WORK INSTRUCTIONS -> Whatever comes before the line containing "inula_salicina2md" stays out; transcribe that line and all that follow to the end of the records exactly, with no pictures.
───── DATA FOR REVIEW ─────
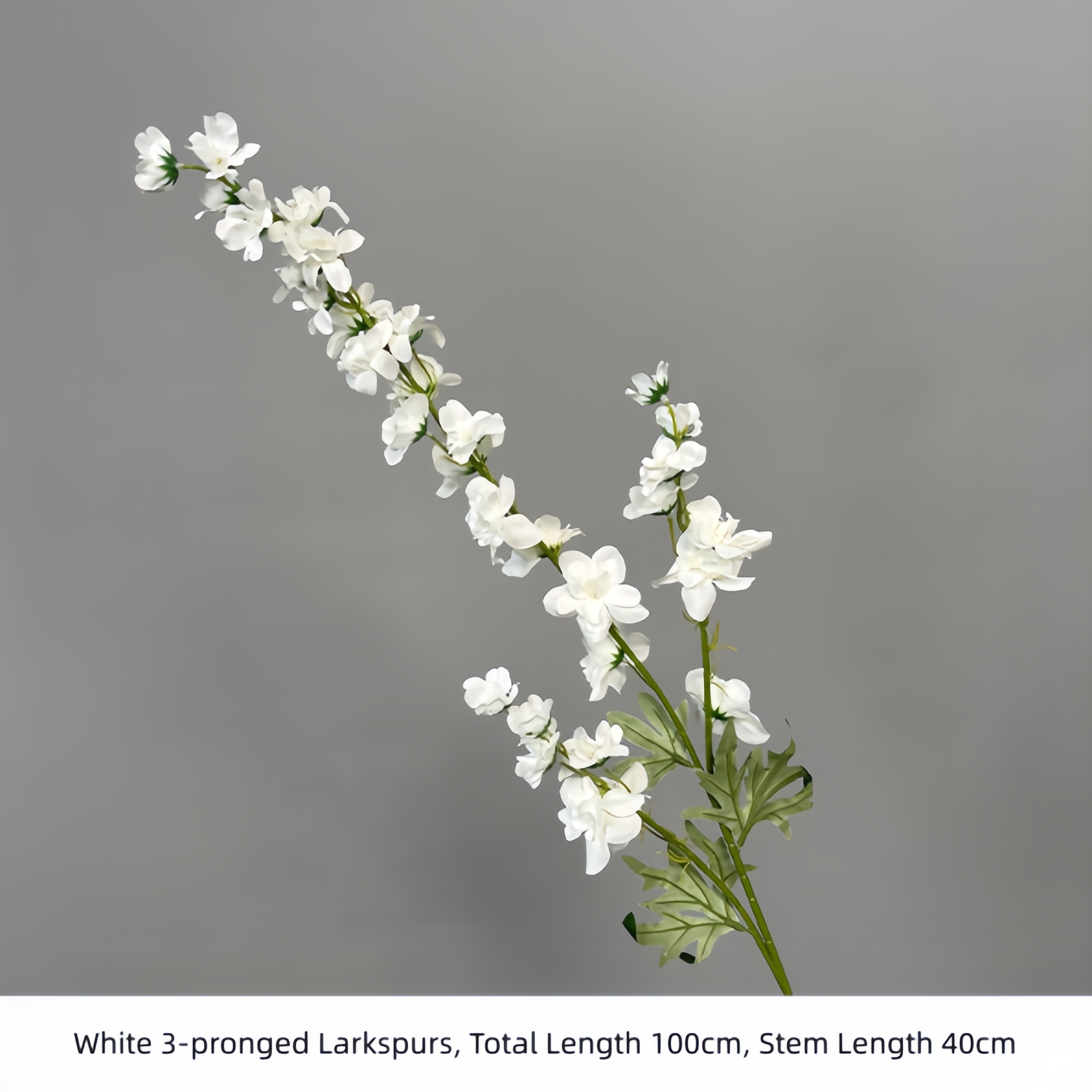 Larkspurs blancs à 3 branches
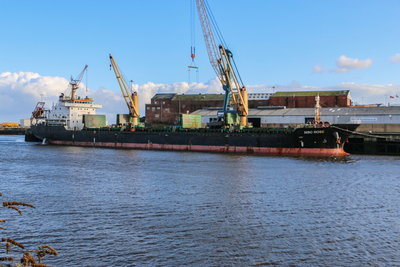 MBC Rose, 15 November 2019 (5)_1.JPG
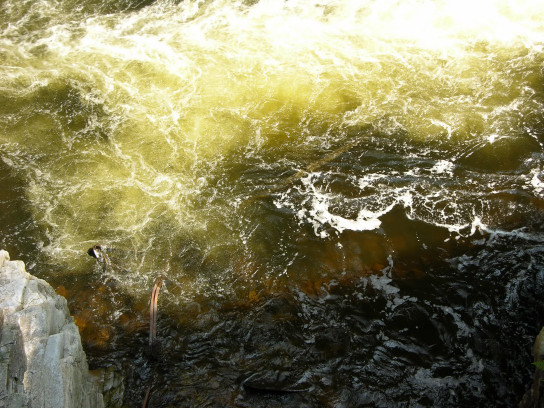 Steel in Eddy below last Rapid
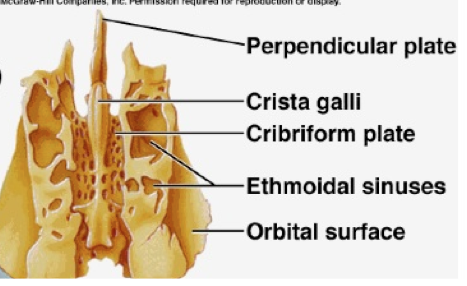 <p>contains cribform plate and crista galli</p>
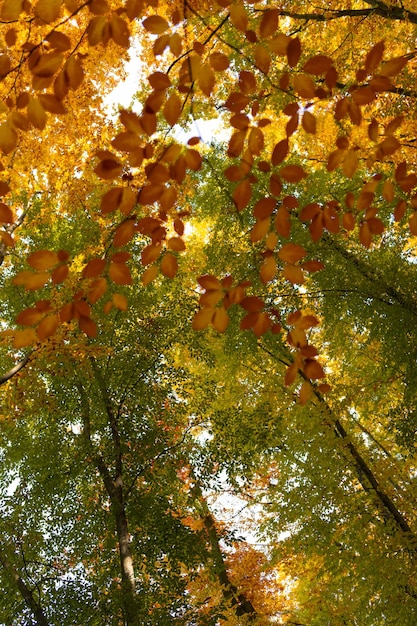 Herfstbladeren gele kleur close-up op herfstweer kopieer ruimte natuur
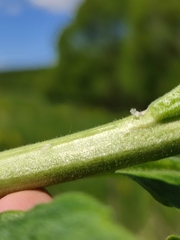 Hesperis pycnotricha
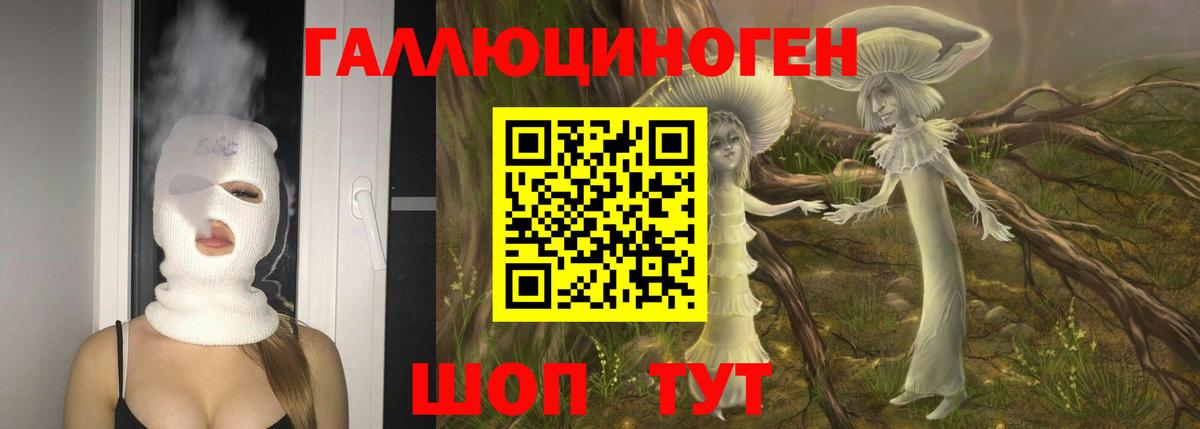 Псилоцибиновые грибы мухоморы Новокубанск
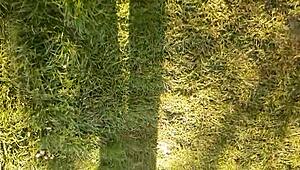 during lunch break village girl masturbates her pussy?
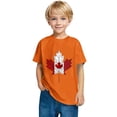 thumbnail image 4 of T-shirt Doux à Manches Courtes Décontracté pour Tout-Petit HVOBBTY, T-shirt Mode à Col Rond à Manches Courtes Orange pour Garçons Tout-Petits avec Imprimé de Feuilles d'Érable, 9 Ans, 4 of 5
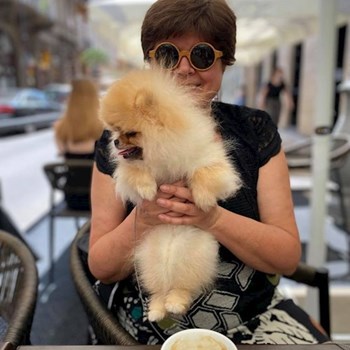 thumbnail petsitter Budapest vagy Állat szitter a kutyák cicák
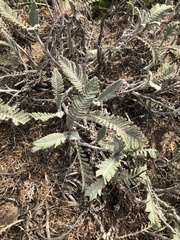 Tanacetum bipinnatum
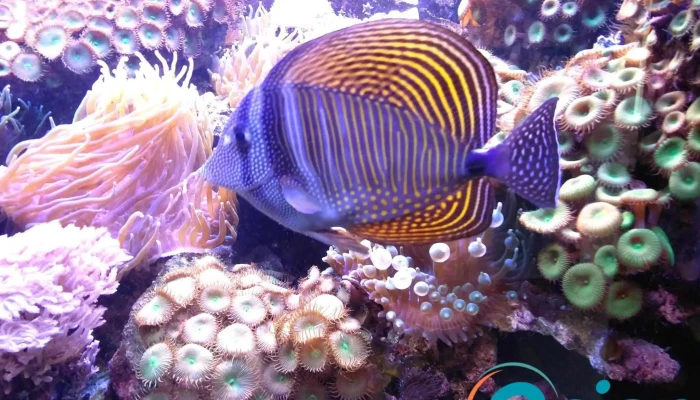 Wasserbillig Aquarium -  Nummere - Mertert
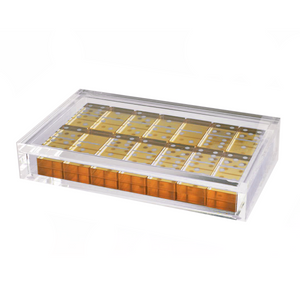 Lucite Gold Domino Set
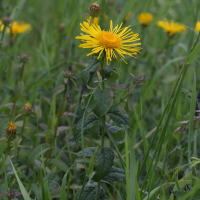 inula_salicina2md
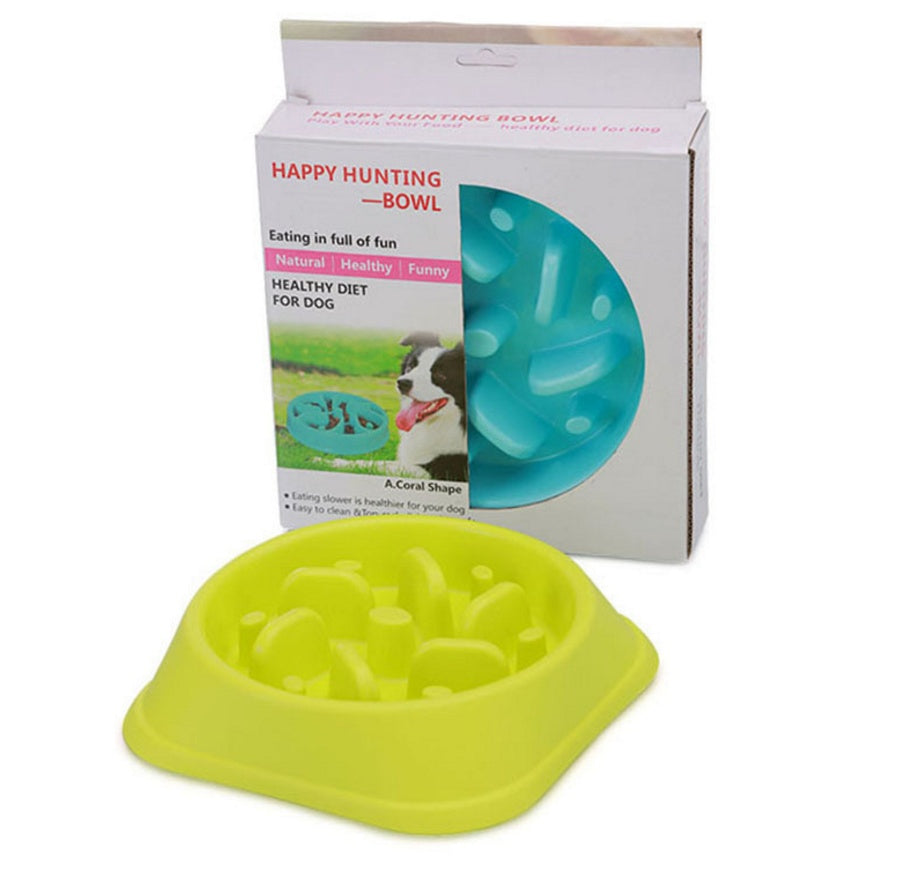 🐾 Bol pour Animaux Mignon & Pratique 🐶🐱💖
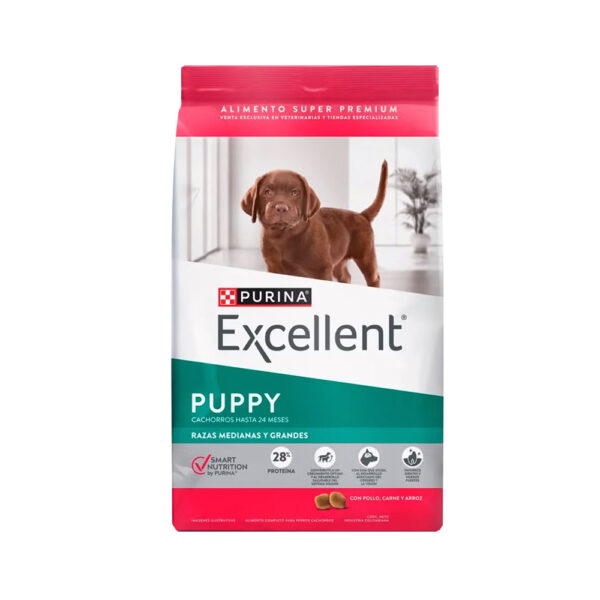 Excellent Dog Puppy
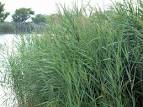 Common Reed (Phragmites australis) Seed for Sale - OUT TIL FALL.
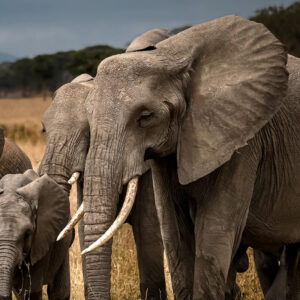 アフリカゾウ（サバンナゾウ）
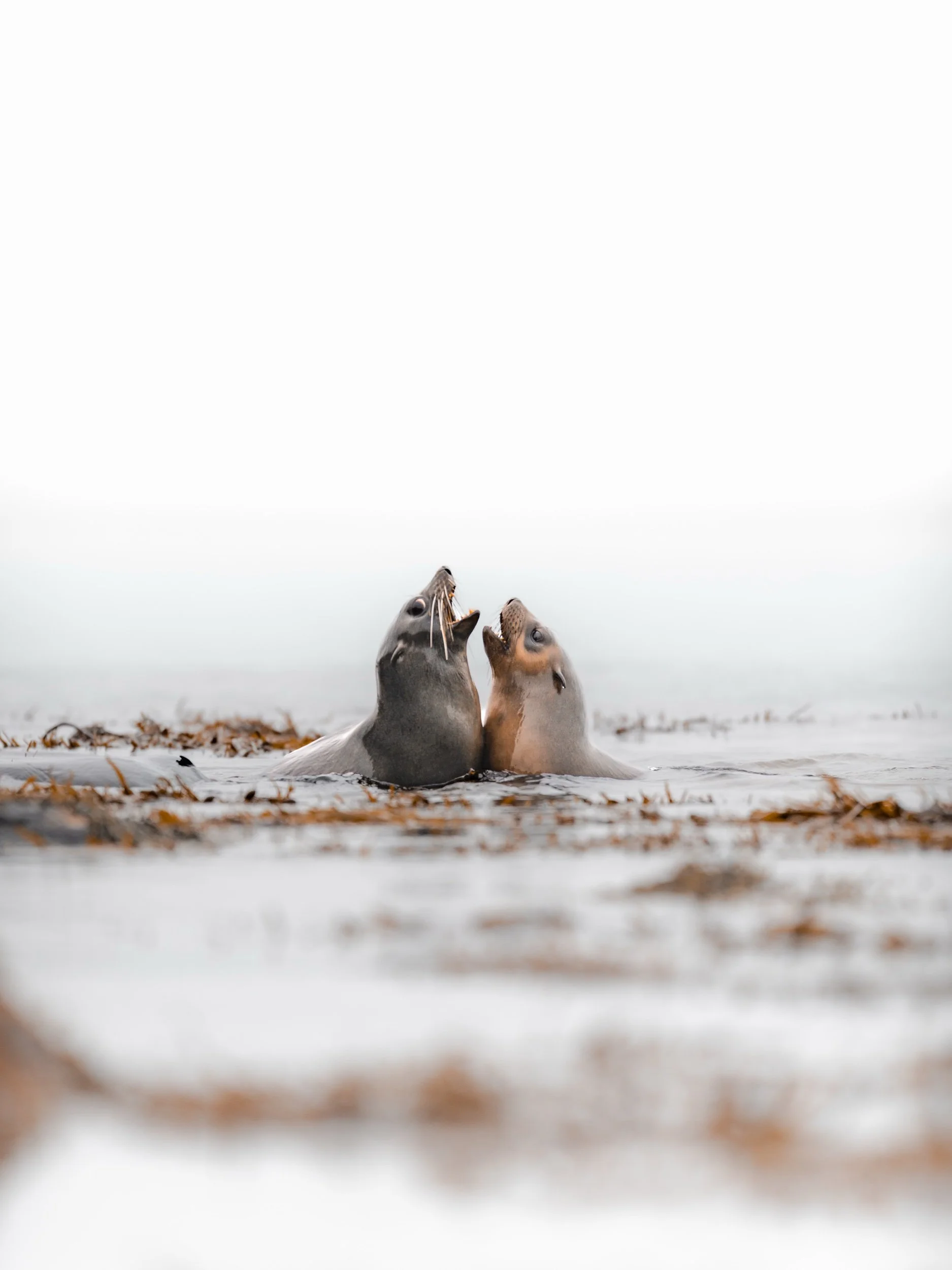 Seal Standoff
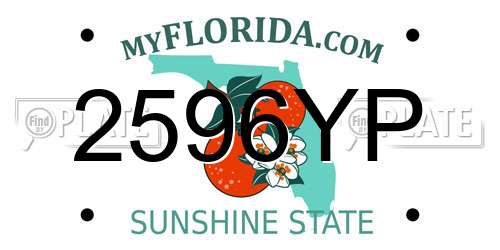 2596YP Florida License Plate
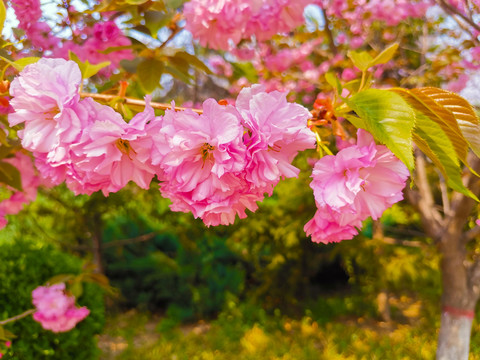 樱花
─────
WRITTEN RESPONSE ->
 inula_salicina2md
 🐾 Bol pour Animaux Mignon & Pratique 🐶🐱💖
 Excellent Dog Puppy
 Common Reed (Phragmites australis) Seed for Sale - OUT TIL FALL.
 アフリカゾウ（サバンナゾウ）
 Seal Standoff
 2596YP Florida License Plate
 樱花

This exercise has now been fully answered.